REVEALED: WHY SOME BRAINS REFUSE TO SWITCH OFF AT NIGHT
- Charlotte Bolt
- 13 minutes ago
- 2 min read

If you’ve ever lain awake with your thoughts racing while the rest of the house sleeps, new Australian research suggests the problem may not be willpower or worry, but timing.
A study led by the University of South Australia has found that chronic insomnia may be linked to disruptions in the brain’s natural 24-hour rhythm of mental activity, helping explain why some people struggle to mentally “power down” at night.
Published in the journal Sleep Medicine, the research is the first to map how cognitive activity rises and falls across the day in people with insomnia, compared with healthy sleepers.
THE MIND THAT WON’T SLOW DOWN
Insomnia affects around 10 per cent of the population and up to a third of older adults. Many describe the same experience: an overactive or racing mind when they should be winding down.
While this has long been associated with cognitive hyperarousal, it hasn’t been clear where those persistent thought patterns originate.
The new study set out to answer whether the problem lies deeper, in the brain’s internal clock.
INSIDE THE 24-HOUR BRAIN
Researchers monitored 32 older adults, half with chronic insomnia and half classified as healthy sleepers, over a full 24 hours of wakeful bed rest.

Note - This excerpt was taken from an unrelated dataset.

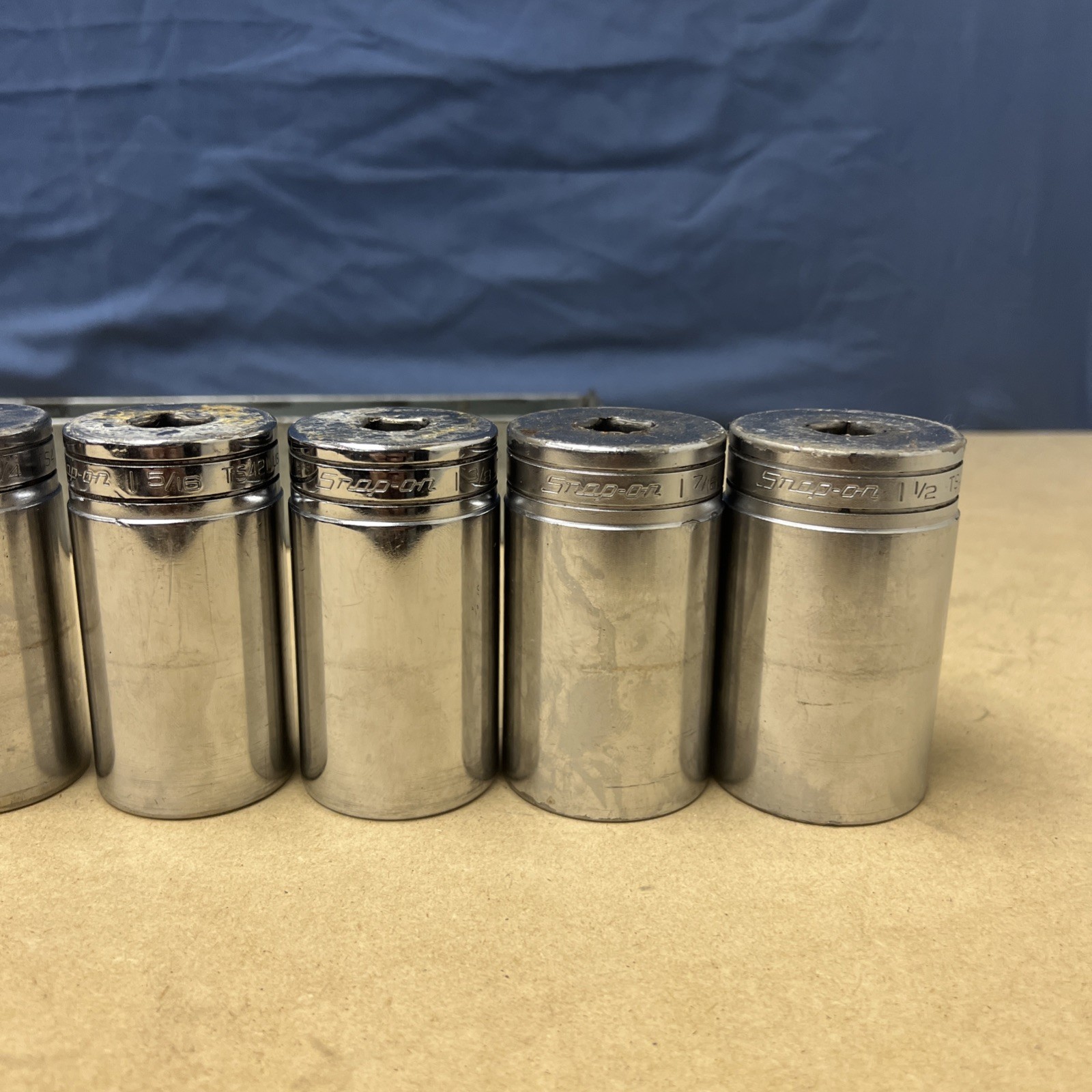SNAP-ON 1/2″ Drive Deep Socket Set 6 Point TS Series Lot Of 9 – In Description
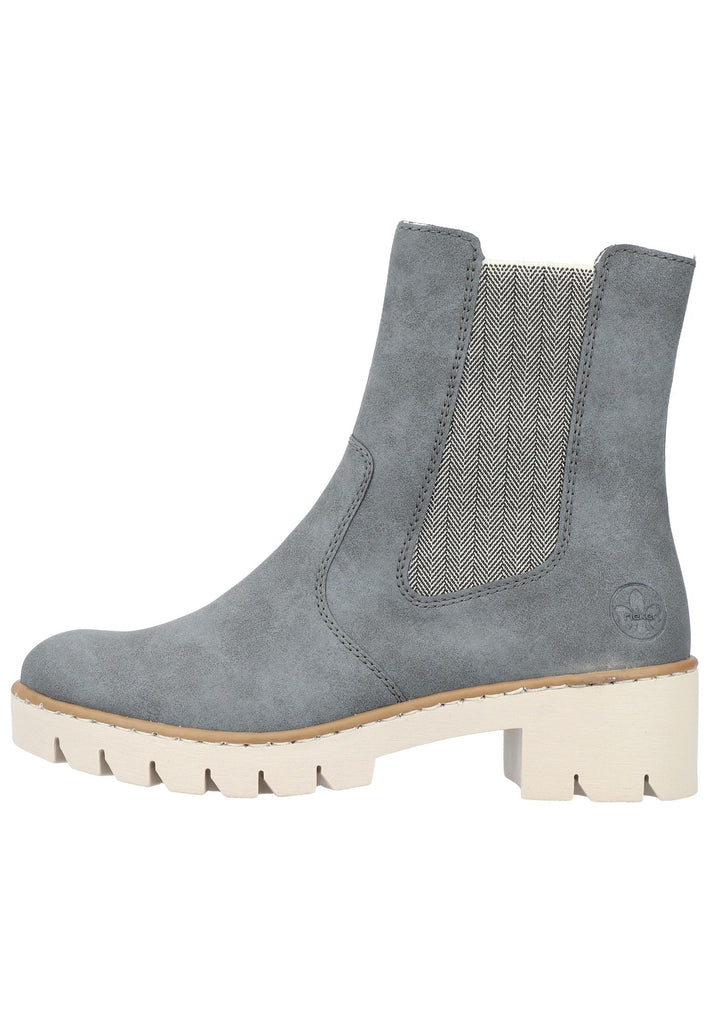 Rieker Stiefelette Lederimitat/Textil Jeans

The tightly controlled laboratory conditions removed everyday cues like light, activity and routine, allowing scientists to observe the brain’s internal rhythms in isolation.
Participants remained awake in bed in dim lighting, with food and movement carefully regulated. Every hour, they completed detailed checklists assessing the tone, quality and controllability of their thoughts.
A RHYTHM THAT RUNS LATE
Both groups showed clear daily patterns in mental activity, with cognitive peaks in the afternoon and lows in the early morning. But the similarities ended there.
“Unlike good sleepers, whose cognitive state shifted predictably from daytime problem-solving to nighttime disengagement, those with insomnia failed to downshift as strongly,” said lead researcher Kurt Lushington.
“Their thought patterns stayed more daytime-like in the night-time hours when the brain should be quietening.”
The insomnia group’s cognitive peaks were also delayed by around six and a half hours, suggesting their internal clocks may actively promote alert, engaged thinking late into the night.
WHEN THE BRAIN CAN’T POWER DOWN
“Sleep is not just about closing your eyes,” Professor Lushington said. “It’s about the brain disengaging from goal-directed thought and emotional involvement.”
“Our study shows that in insomnia, this disengagement is blunted and delayed, likely due to circadian rhythm abnormalities. This means that the brain doesn’t receive strong signals to ‘power down’ at night.”
NEW AVENUES FOR TREATMENT
Co-author Jill Dorrian said the findings point to new treatment possibilities that go beyond traditional behavioural approaches.
“These include timed light exposure and structured daily routines that may restore the natural day-night variation in thought patterns,” she said.
“Practising mindfulness may also help quieten the mind at night.”
The researchers say current insomnia treatments often focus on sleep habits and behaviour alone. Their findings suggest a more tailored approach, one that also targets circadian rhythms and cognitive activity, could offer relief for people whose minds simply won’t switch off.
The study, titled Cognitive-affective disengagement: 24-hour rhythm in insomniacs versus healthy good sleepers, appears in Sleep Medicine and was conducted by researchers from the University of South Australia, Washington State University and Flinders University.